Re: Fatdogarm for Raspberry pi3 - headless

Posted: Wed 09 May 2018, 14:13
by RetroTechGuy
don570 wrote:Fatdog Arm for Raspberry Pi 3

[...]
Open up fatdogarm-pi3-03-15-2018.zip. You will see some files and folders inside a folder.
Drag the contents of the folder to a freshly formatted (fat32) micro SD card.

3) Take out the card from its adaptor and insert in your raspberry pi3
computer. Plug in the power cable. If you wish, you can plug in your
ethernet cable and a wireless adapter.
OK, I tried this on my Element 14 Raspberry Pi 3 Model B+, and it didn't boot (I believe that the blink code indicated that it didn't load for whatever reason -- 4 long blinks, 4 short blinks -- just sat at the opening splash screen).

Checked the card to make sure the boot flag was set.

A related question, can the Pi3 boot from USB? I'm wondering if I can just hook the FatDogArm into an existing bootable flash drive (so I can test that the device boots on another computer, then boot from flash on the Pi3 -- which would then allow me to install the working OS onto the uSD card)

Posted: Wed 09 May 2018, 18:03
by don570
-- 4 long blinks, 4 short blinks -- just sat at the opening splash screen).
That is what happens when the wrong kernel is being used. For example
if I use the raspberrypi3 kernel with my raspberrypi2 machine.

I'm sure I put the right kernel in the package though.
and the config.txt will load vmlinuz.rpi3 kernel.

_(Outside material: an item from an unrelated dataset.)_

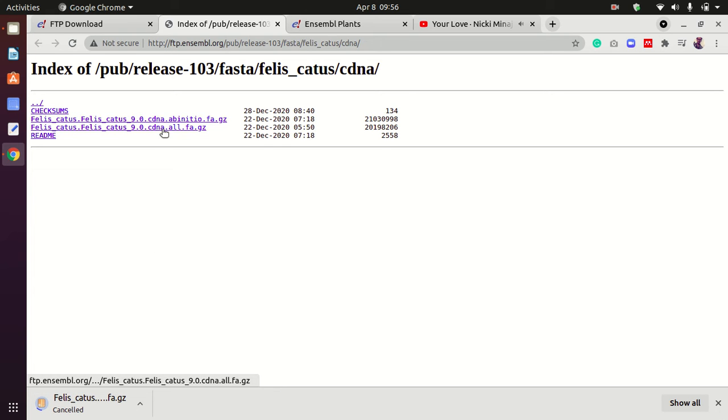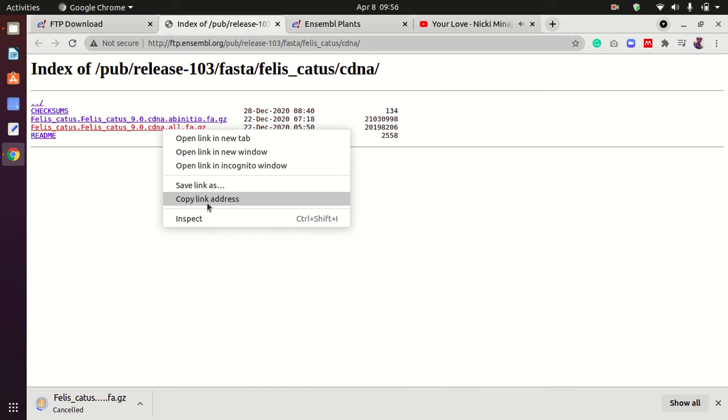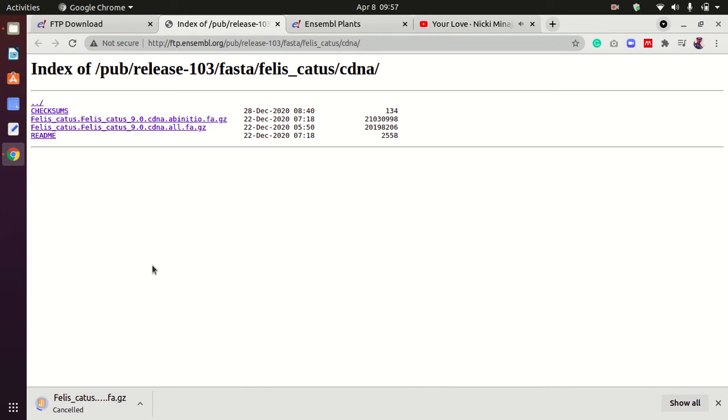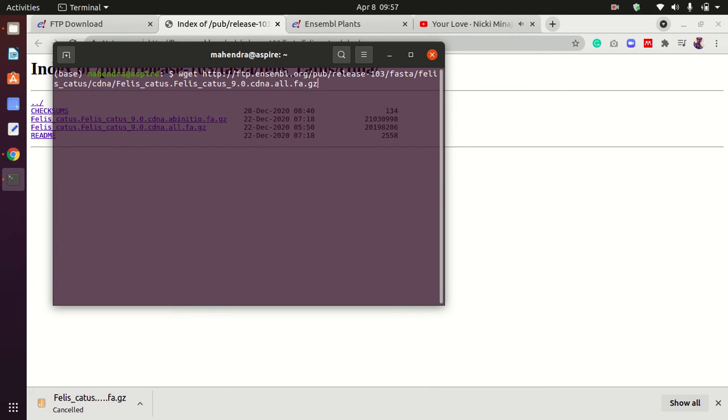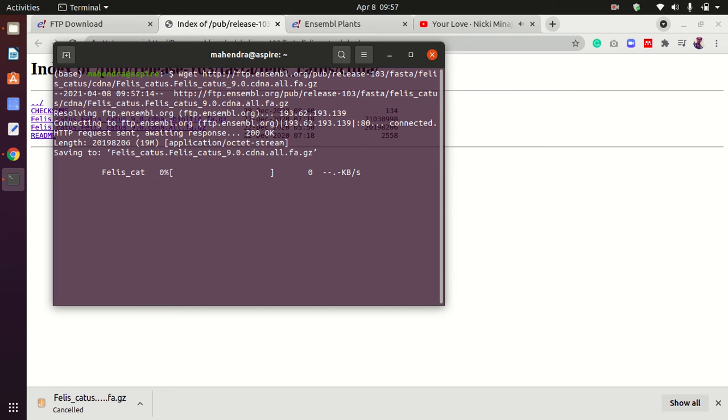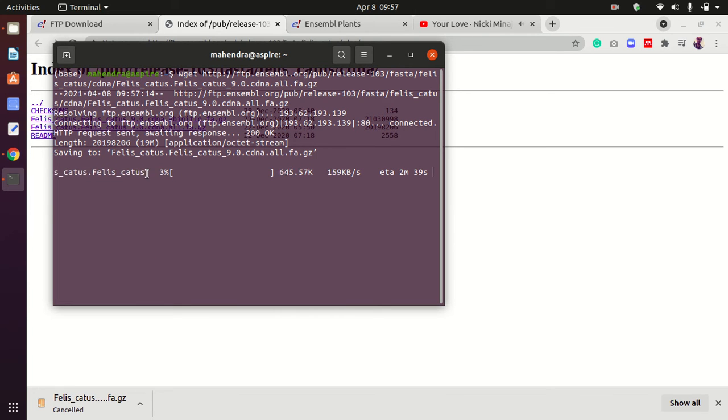If you're going to download using command line, just copy the link and open the terminal. Then type 'wget', paste the link, and hit enter. It will now start downloading here.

You can try downloading the kernel from repository and install yourself..
http://distro.ibiblio.org/fatdog/arm/im ... nel.tar.gz
I'd be interested if you can make it work.

config.txt must have...

Code: Select all

initramfs initrd.rpi3
[pi3]
kernel=vmlinuz.rpi3
-----------------------------------------------------------------------------------
Checked the card to make sure the boot flag was set.

I don't believe that is necessary, since raspberry pi board ALWAYS boots
first from a fat32 partition. That's the design of Broadcom.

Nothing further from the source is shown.